Images de Oreochromis niloticus (gauche), d’assiette de l’étang (centre) et du moine (droite) (DPA, ME/LCD)
1. Objectifs
- Améliorer l’état nutritionnel des populations ;
- Augmenter les revenus des producteurs.
2. Contexte/Conditions du milieu
L’élevage de la carpe est pratiqué en zones sahélienne, sahélo-soudanienne et soudanienne où l’eau est disponible toute l’année et est favorable au développent du poisson. Les étangs peuvent être creusés dans le sol, soit en partie dans le sol et en partie au-dessus, soit sous une élévation naturelle du sol.
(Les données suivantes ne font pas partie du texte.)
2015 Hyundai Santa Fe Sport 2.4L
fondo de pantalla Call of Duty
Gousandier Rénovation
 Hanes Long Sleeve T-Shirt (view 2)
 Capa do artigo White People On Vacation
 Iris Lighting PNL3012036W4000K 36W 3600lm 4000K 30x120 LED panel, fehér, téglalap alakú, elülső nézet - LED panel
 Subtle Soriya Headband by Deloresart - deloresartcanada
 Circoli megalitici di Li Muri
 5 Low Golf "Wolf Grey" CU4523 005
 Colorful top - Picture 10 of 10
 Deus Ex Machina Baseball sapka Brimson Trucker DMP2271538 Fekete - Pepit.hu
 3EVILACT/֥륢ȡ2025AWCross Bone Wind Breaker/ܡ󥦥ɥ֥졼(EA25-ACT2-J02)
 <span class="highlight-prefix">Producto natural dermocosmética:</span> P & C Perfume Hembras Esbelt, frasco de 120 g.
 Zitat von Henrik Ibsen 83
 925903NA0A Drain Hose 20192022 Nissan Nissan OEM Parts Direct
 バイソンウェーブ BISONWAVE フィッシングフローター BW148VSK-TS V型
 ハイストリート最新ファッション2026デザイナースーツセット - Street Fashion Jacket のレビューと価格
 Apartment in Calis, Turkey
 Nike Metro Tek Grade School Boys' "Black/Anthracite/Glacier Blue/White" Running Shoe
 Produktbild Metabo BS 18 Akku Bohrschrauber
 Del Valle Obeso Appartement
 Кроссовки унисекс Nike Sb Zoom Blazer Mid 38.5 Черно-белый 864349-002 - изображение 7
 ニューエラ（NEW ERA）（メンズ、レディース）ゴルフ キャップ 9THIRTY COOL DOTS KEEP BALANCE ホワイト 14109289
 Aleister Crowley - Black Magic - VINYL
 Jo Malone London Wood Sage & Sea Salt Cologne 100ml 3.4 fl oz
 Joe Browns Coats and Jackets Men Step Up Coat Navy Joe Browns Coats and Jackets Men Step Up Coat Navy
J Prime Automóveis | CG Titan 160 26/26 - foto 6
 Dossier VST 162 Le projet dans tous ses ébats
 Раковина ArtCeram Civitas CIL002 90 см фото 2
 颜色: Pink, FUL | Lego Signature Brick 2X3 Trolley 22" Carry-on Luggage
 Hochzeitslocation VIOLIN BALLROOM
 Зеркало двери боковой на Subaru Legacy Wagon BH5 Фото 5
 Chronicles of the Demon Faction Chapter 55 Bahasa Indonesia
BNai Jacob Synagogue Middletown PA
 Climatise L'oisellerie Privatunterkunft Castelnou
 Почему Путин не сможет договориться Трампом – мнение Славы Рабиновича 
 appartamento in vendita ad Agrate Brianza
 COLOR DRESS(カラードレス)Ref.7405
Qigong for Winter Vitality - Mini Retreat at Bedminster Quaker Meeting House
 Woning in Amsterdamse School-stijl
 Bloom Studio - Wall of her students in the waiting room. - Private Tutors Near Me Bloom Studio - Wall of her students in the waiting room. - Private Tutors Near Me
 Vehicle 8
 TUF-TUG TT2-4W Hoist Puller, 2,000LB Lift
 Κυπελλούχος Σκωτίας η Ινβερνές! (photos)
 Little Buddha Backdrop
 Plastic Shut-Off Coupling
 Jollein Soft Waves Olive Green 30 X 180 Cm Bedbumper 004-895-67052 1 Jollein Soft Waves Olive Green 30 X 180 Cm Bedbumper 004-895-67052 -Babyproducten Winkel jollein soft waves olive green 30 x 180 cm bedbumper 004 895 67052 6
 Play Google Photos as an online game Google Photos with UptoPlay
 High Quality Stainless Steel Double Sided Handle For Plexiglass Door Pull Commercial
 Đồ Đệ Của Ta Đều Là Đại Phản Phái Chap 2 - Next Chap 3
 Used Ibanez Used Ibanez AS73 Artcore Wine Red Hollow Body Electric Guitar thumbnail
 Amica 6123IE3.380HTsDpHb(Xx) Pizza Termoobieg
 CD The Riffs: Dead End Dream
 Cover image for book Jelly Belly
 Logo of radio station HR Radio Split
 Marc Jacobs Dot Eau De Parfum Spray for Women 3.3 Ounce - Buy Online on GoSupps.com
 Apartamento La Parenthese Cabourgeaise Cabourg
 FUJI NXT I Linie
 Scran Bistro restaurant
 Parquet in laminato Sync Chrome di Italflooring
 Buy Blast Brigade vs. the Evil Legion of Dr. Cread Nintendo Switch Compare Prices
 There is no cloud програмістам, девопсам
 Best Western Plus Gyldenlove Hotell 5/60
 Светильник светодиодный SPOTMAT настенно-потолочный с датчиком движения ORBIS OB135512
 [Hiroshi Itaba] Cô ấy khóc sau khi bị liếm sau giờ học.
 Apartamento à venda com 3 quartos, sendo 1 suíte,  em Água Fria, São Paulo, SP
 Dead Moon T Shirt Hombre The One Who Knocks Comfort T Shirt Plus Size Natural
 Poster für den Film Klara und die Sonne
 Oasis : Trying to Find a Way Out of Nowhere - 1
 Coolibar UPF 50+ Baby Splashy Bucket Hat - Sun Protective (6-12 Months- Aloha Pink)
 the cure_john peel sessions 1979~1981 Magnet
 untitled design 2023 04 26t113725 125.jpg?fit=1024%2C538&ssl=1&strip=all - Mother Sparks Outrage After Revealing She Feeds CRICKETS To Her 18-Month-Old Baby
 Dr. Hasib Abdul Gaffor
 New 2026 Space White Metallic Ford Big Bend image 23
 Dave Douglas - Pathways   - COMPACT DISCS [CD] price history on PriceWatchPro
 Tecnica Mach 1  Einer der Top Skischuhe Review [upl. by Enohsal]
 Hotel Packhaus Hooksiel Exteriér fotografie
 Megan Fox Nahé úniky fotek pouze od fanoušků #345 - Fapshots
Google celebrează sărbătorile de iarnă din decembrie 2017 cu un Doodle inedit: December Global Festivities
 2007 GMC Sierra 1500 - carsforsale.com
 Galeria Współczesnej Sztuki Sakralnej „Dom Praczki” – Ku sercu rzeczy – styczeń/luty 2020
La terre doit contenir au moins 25% d’argile.
3. Etapes de mise en œuvre
❖ Caractéristique des étangs
La profondeur de l’étang doit être entre 0,5 m et 1 m sur le côté le moins profond et descendre jusqu’à 1,5 à 2 m sur le côté du point de vidange. La forme idéale d’un étang est rectangulaire ou carrée.
❖ Mise en eau des étangs
La mise en eau d’un nouvel étang doit être progressive et lente (5 à 10 cm/jour) pour permettre aux digues de s’imbiber d’eau, de se compacter et de devenir étanches.
❖ Fertilisation
La fertilisation permet le développement de la production primaire ; l’épandage de l’engrais minéral peut se faire avant la mise en eau mais l’apport du fumier peut se faire avant ou après la mise en eau. La norme est de 0,5 à 0,8 kg de superphosphate par are et par semaine et 1,5 à 3,2 kg/ are/ semaine pour les autres engrais minéraux. Pour la Fumure organique, la norme est 10 à 20 kg/are/semaine.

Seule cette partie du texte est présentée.